That noise you'll hear a few minutes before the start of the Spurs' game against the Dallas Mavericks on Monday night will be the thunderous ovation Tony Parker is sure to get when he's introduced with the team's starting lineup at the AT&T Center.
Parker, who hasn't played in a game since rupturing a tendon in his left quadriceps in the Western Conference semifinals on May 3, will start in his season debut, Spurs coach Gregg Popovich said in his pregame session with reporters.
Parker was expected to be sidelined through at least the end of the year after sustaining the worst injury of his 16-year NBA career, all with the Spurs.
Asked if he was amazed with how fast Parker made it back to the court, Popovich said, "Yeah, I stopped trying to be a doctor a long time ago. I never know. Guys come back sooner than you thought. Some guys take stay (out) longer than you thought.
"People make projections on different stuff, so I'm just glad he's back. We'll play him for a minute and a half (laughter). Make sure he doesn't get hurt again."
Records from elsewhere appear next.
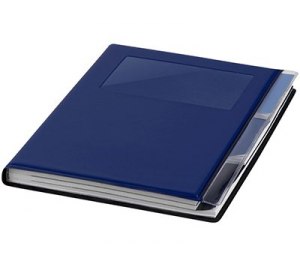  5 "Slotz", -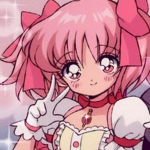 AsixnAnime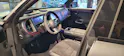 Smart #5 100kWh Brabus AWD, 646 PS, Aktions-Leasing 0%, ab sofort verfügbar
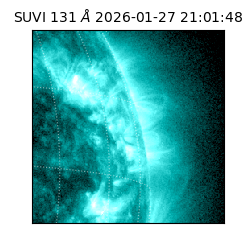 suvi - 2026-01-27T21:01:48.148000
The Spurs (12-7) have managed to keep their heads above water without Parker and All-NBA forward Kawhi Leonard, who also has been sidelined since the start of training camp with tendinopathy in his right quadriceps.
Popovich said Monday that Leonard "is getting very close and making progress. He's having contact now. Hopefully, we'll get him back shortly."
While the Spurs have managed to keep winning without Parker and Aldridge, their offense has been largely inconsistent in their first 19 games. But Popovich likes the way his players have kept pounding the rock, as the Spurs like to say.
"It has been a lot of moving parts, but I've got to give our young guys and our new guys credit that they've blended in with the veteran guys that have been here pretty well," Popovich said. "We've had different guys step up on different nights, and score for us or make stops on defense."
Popovich cited forwards LaMarcus Aldridge and Kyle Anderson for their strong play since the start of the season. Kyle Anderson has started in Leonard's spot for all of the team's 19 games.
Aldridge leads the Spurs in scoring (21.6) and rebounding (8.2), and Anderson is averaging 9.1 points and 3.1 assists, and tied his career high with five steals in Saturday night's 106-86 road win over the Charlotte Hornets.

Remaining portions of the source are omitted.